→ Problem statement
Write out all the data verbatim. Skip images.

→ Records to process
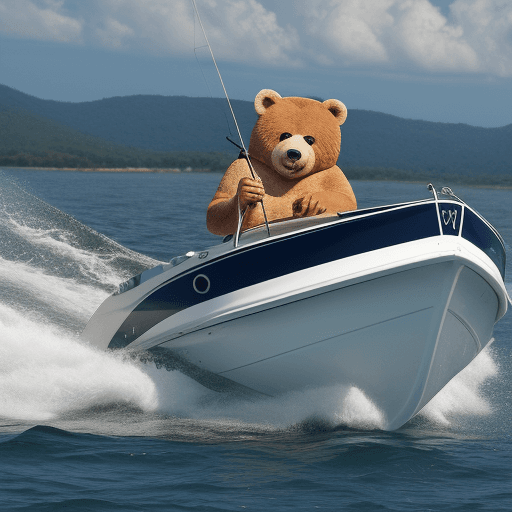 AI generated: un oso pescando en un yate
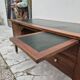 Louis XVI style minister's desk in solid walnut, 4 drawers, old manufacture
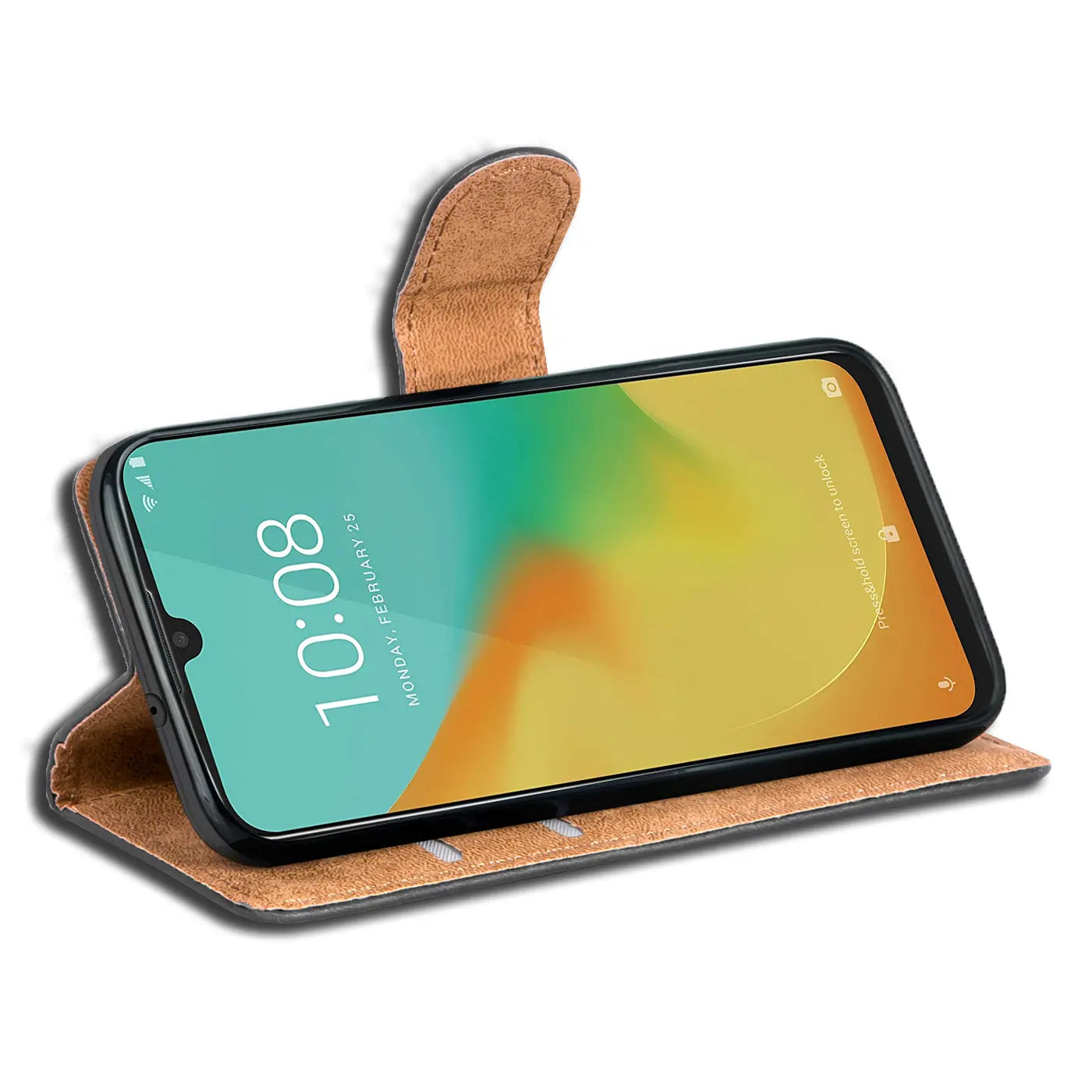 Braune Leder-Klapphülle mit Kartenfächern, seitliche Ansicht, zeigt ZTE Blade 10 Vita.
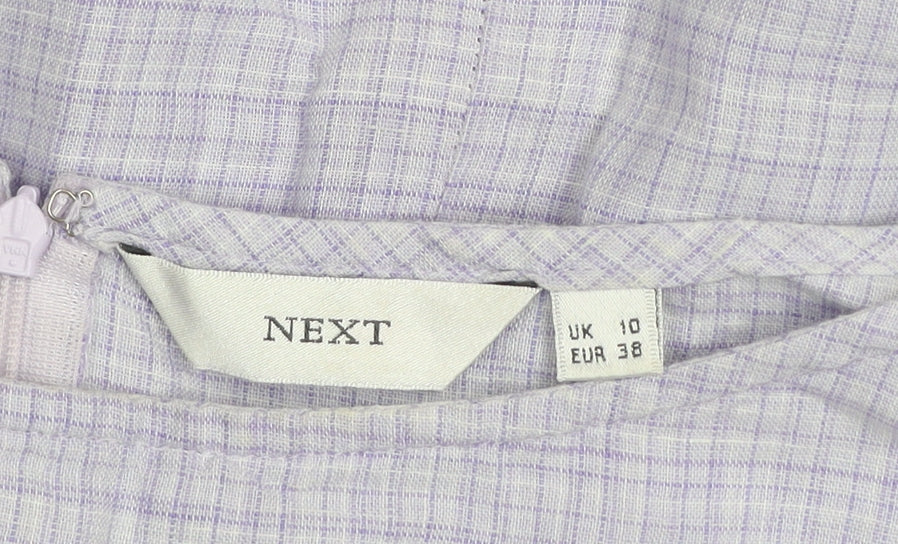 Next Women’s Purple Check Linen Cotton Shift Dress Size 10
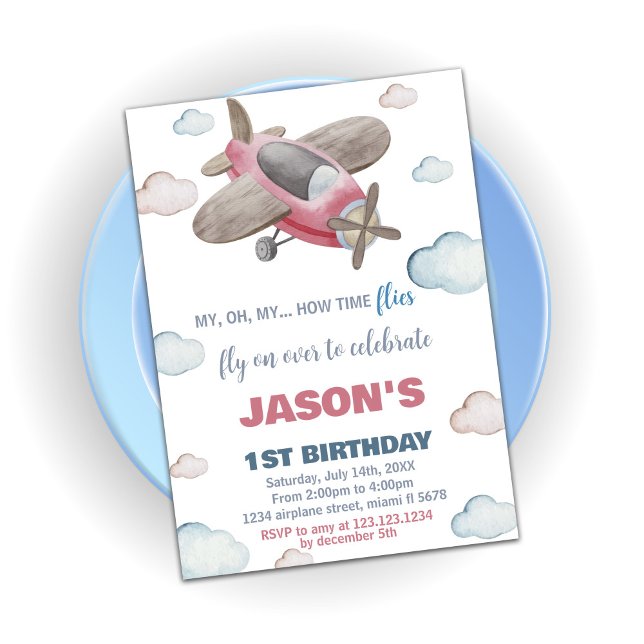 Airplane Birthday Invitations Brown Red (Airplane Birthday Invitations Brown Red)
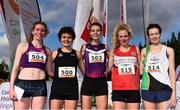 20 October 2019; In attendance at the medal presentation for the Senior Women's 6000m XC event are, from left, Kirsty Walker of England, fifth, Becky Straw of England, silver, Abbie Donnelly, gold, Mary Mulhare of Portlaoise A.C., Co. Laois, bronze, Una Britton of Kilcoole A.C., Co. Wicklow, fourth, during the SPAR Autumn Open International Cross Country Festival at the National Sports Campus Abbotstown in Dublin. Photo by Sam Barnes/Sportsfile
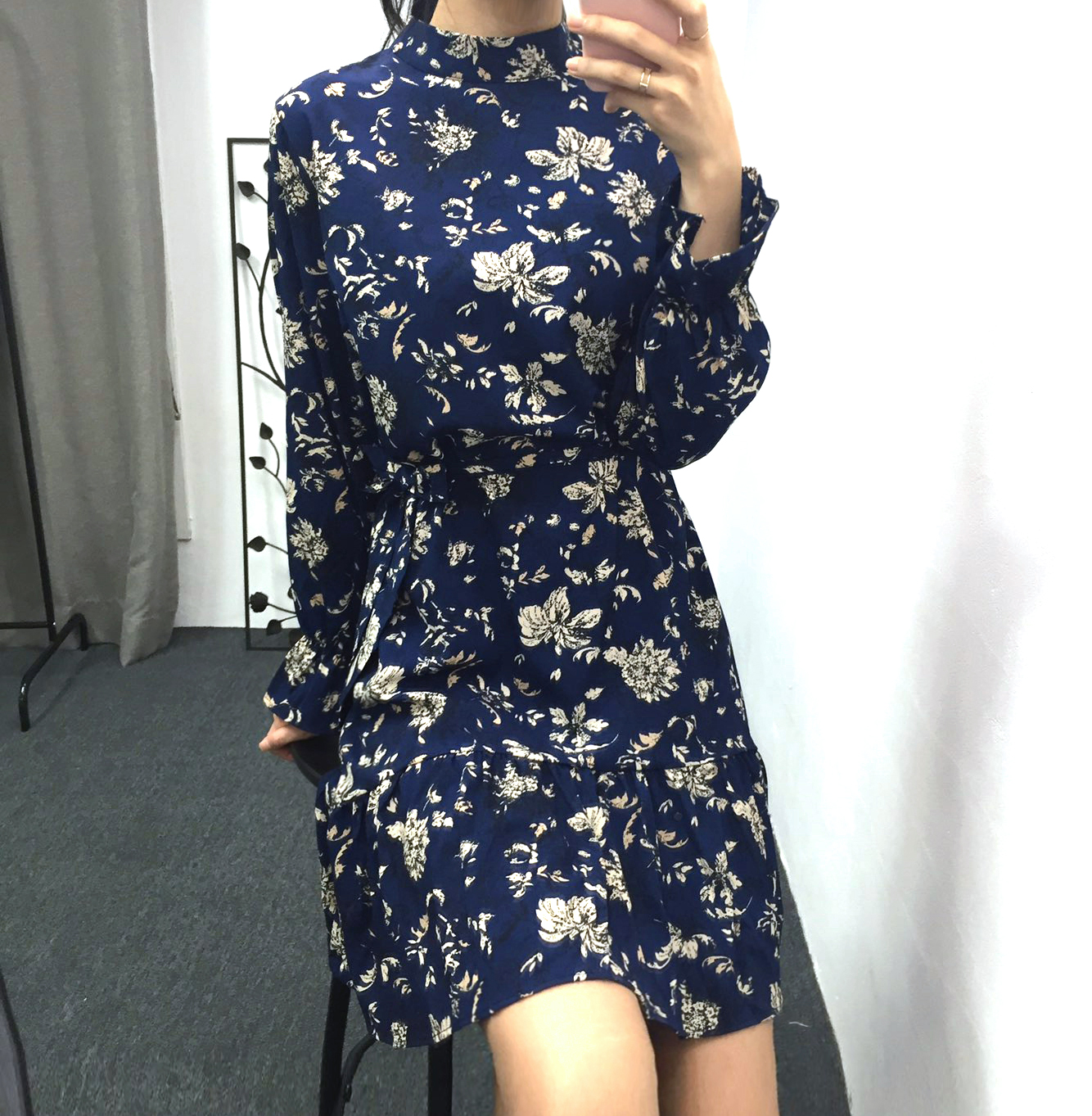 Autumn china neck flower chiffon skirt ruffle dres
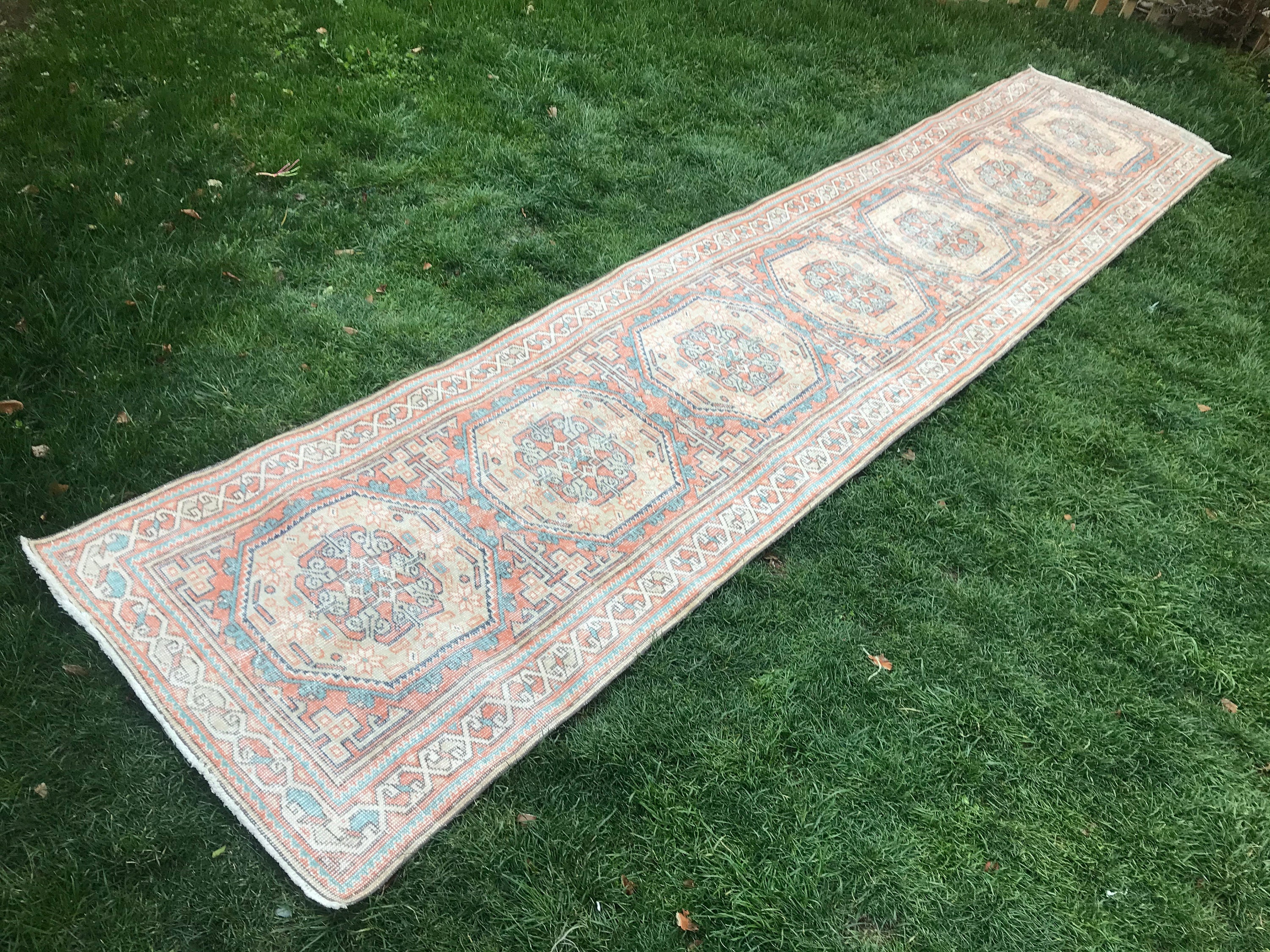 Vintage Runner Rug Extra Long Turkish Rug Orange Blue Runner Etsy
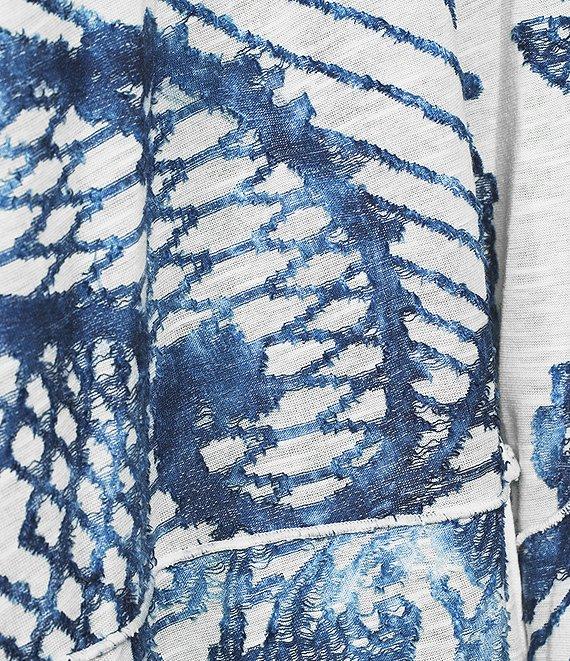 Ali Miles Burnout Knit 3/4 Sleeve Open-Front Kimono Jacket Product Image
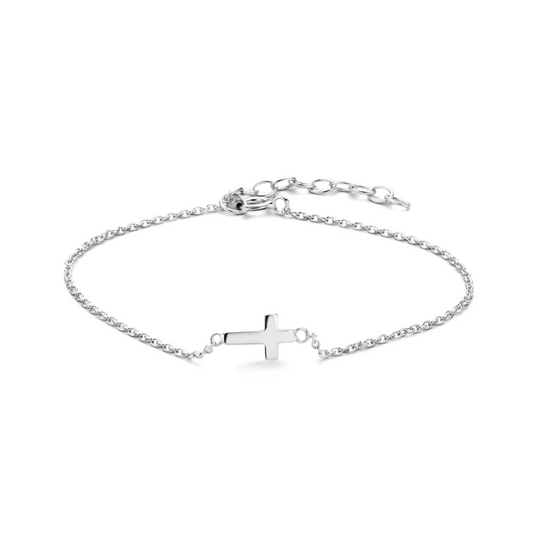armband kruis 16 + 3 cm zilver gerhodineerd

→ Answer box
 AI generated: un oso pescando en un yate
 Louis XVI style minister's desk in solid walnut, 4 drawers, old manufacture
 Braune Leder-Klapphülle mit Kartenfächern, seitliche Ansicht, zeigt ZTE Blade 10 Vita.
 Next Women’s Purple Check Linen Cotton Shift Dress Size 10
 Airplane Birthday Invitations Brown Red (Airplane Birthday Invitations Brown Red)
 20 October 2019; In attendance at the medal presentation for the Senior Women's 6000m XC event are, from left, Kirsty Walker of England, fifth, Becky Straw of England, silver, Abbie Donnelly, gold, Mary Mulhare of Portlaoise A.C., Co. Laois, bronze, Una Britton of Kilcoole A.C., Co. Wicklow, fourth, during the SPAR Autumn Open International Cross Country Festival at the National Sports Campus Abbotstown in Dublin. Photo by Sam Barnes/Sportsfile
 Autumn china neck flower chiffon skirt ruffle dres
 Vintage Runner Rug Extra Long Turkish Rug Orange Blue Runner Etsy
 Ali Miles Burnout Knit 3/4 Sleeve Open-Front Kimono Jacket Product Image
armband kruis 16 + 3 cm zilver gerhodineerd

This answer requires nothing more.